For the data below, transcribe the part that opens with the line containing "Praia Grande Imagem" and closes with the line containing "Maganimmakki Ateta New", exactly and with no pictures.

_EXTRACTED MATERIAL_.
Content starts

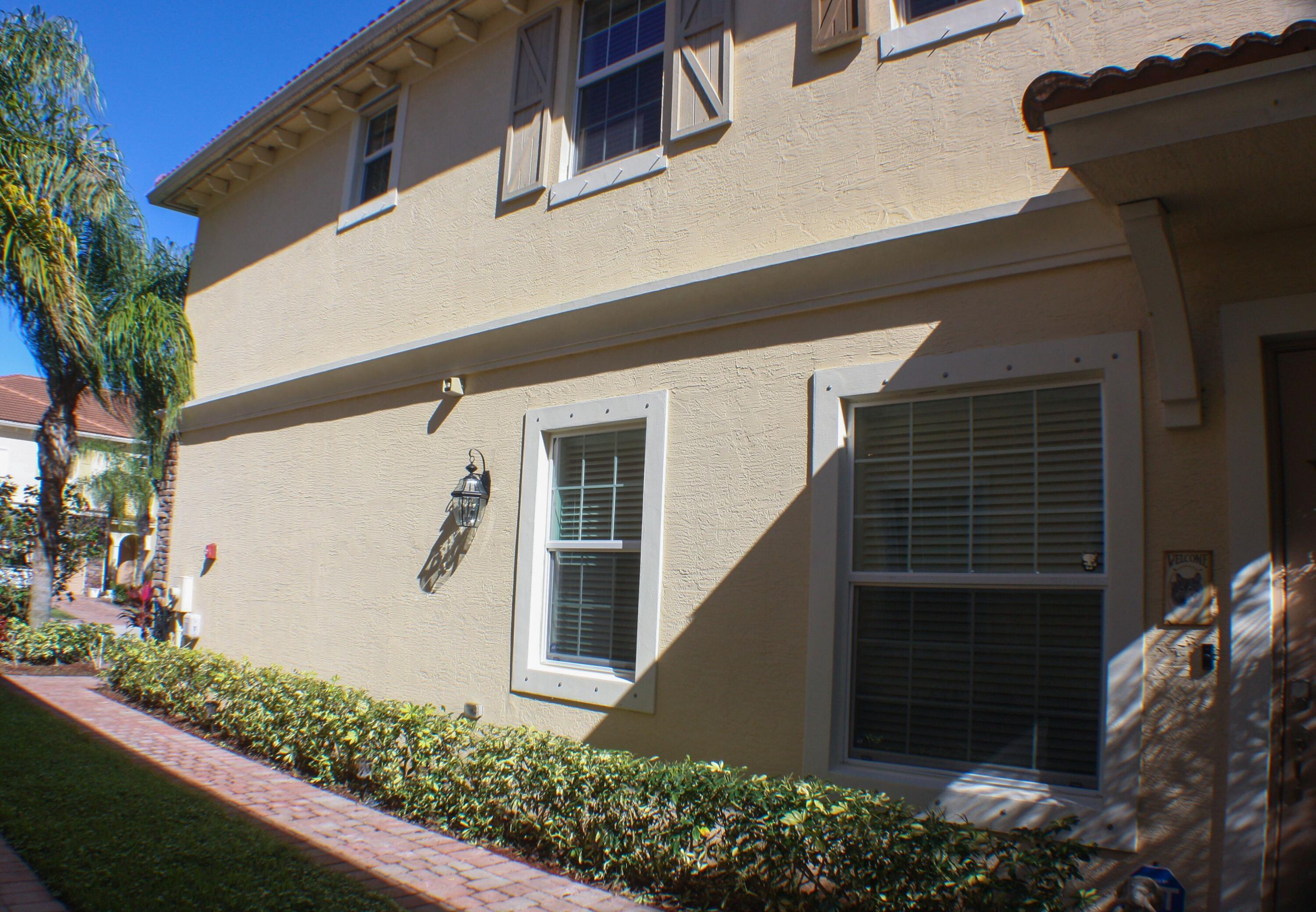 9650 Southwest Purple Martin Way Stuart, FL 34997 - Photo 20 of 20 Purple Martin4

Content ends
Content starts

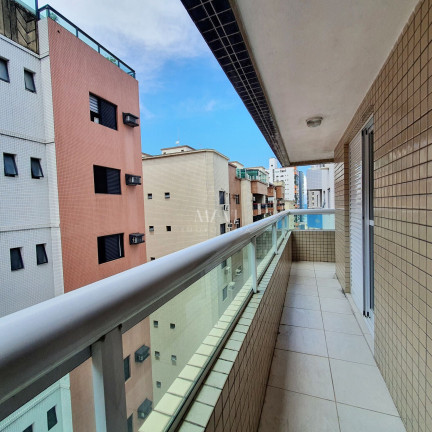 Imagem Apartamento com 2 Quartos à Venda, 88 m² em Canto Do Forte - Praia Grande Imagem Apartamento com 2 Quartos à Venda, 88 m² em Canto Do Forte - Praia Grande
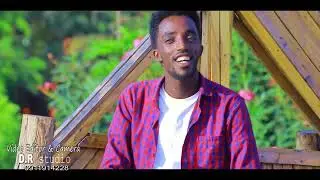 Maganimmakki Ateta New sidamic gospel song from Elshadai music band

Content ends
Content starts

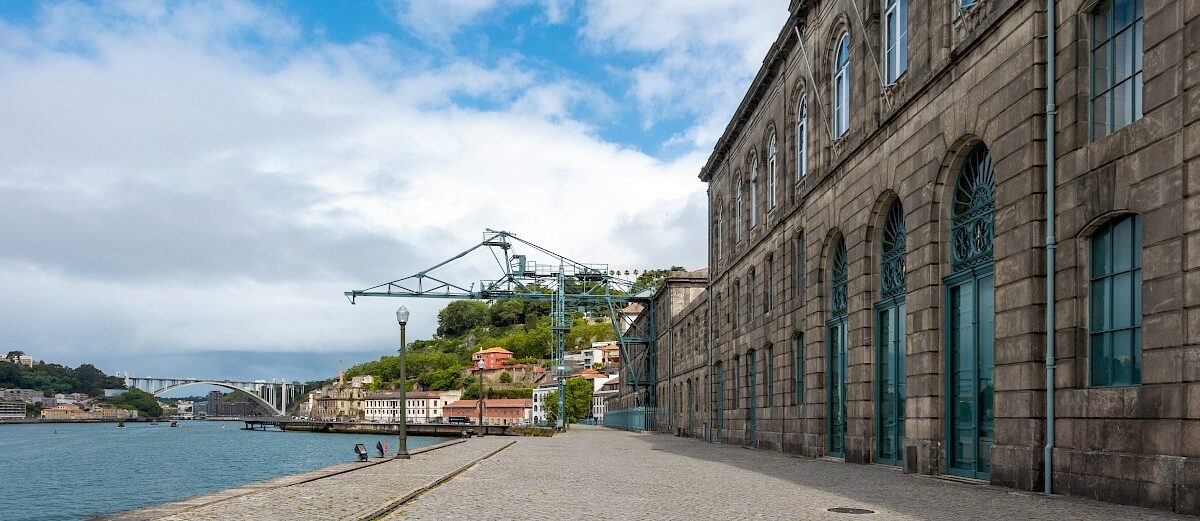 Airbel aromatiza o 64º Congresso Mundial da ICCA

Content ends

_COMPLETED EXERCISE_.
 Imagem Apartamento com 2 Quartos à Venda, 88 m² em Canto Do Forte - Praia Grande Imagem Apartamento com 2 Quartos à Venda, 88 m² em Canto Do Forte - Praia Grande
 Maganimmakki Ateta New sidamic gospel song from Elshadai music band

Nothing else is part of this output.